Sept. 17 is Constitution Day, which celebrates the day that the 39 delegates signed the U.S. Constitution. The Bill of Rights was ratified four years later in 1791.
It was a big deal for a fledgling nation that had fought for years to escape British rule. It established our three branches of government and later, the rights that have shaped what America is today.
However, it seems that the American public doesn’t know or doesn’t care about the workings of our government.
In 2010, the Pew Research Center found that only 28 percent of Americans could identify the current chief justice of the Supreme Court (hint: it’s John Roberts).
It’s fair to say that the Supreme Court doesn’t receive a lot of media attention unless it has a high-profile case or is appointing a new justice. Yet, the First Amendment Center’s annual State of the First Amendment survey reports that Americans’ basic knowledge of even the First Amendment is at an all-time low.
65 percent of survey respondents could name freedom of speech as a First Amendment right. 28 percent named freedom of religion while only 13 percent were able to name the freedoms of press and assembly.
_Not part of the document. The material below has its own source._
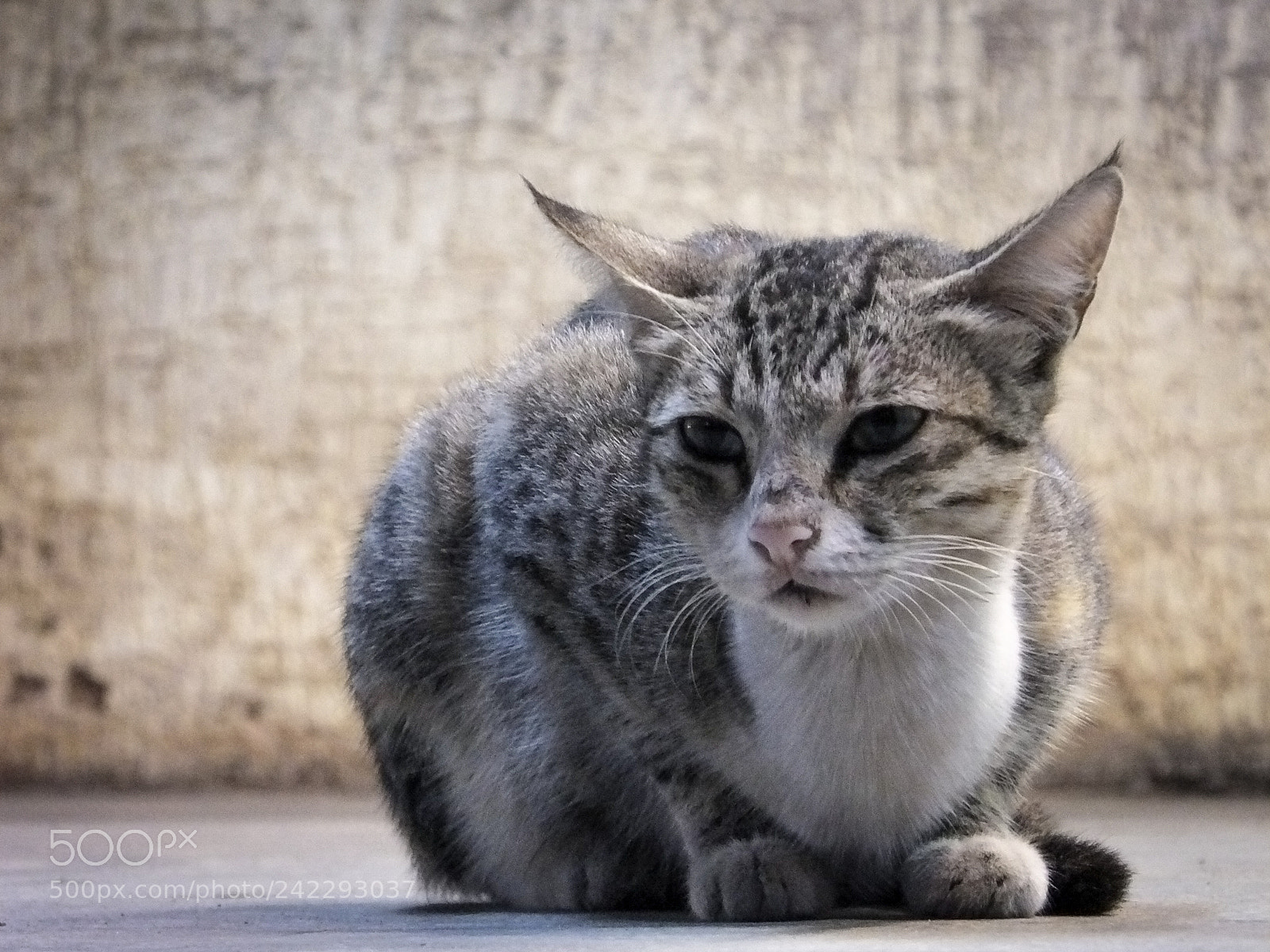 Fujifilm FinePix HS50 EXR sample photo. The scratchy cat photography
Immigrants who take the naturalization test are asked ten questions from a list of 100 possible questions and must answer six correctly to pass. These questions include: “Who is the chief justice of the Supreme Court?” and “Name one of the five freedoms of the First Amendment.”
It’s a little embarrassing when Americans can’t name all of the freedoms of one constitutional amendment, yet immigrants who take the civics test to become naturalized citizens understand our government and our freedoms better than we do.
It doesn’t end at basic knowledge of the U.S. government. Voter turnout at general elections have usually been low, with the 2008 election resulting in a 64 percent voter turnout, despite increases among minority voters.
What this shows is that Americans do not know or care to engage in any civic duty, whether its voting or even being aware of whom our Chief Justice is.
When you don’t know your rights and responsibilities, you give others permission to take advantage of you. Celebrate Constitution Day by understanding your government and your role as a U.S. citizen.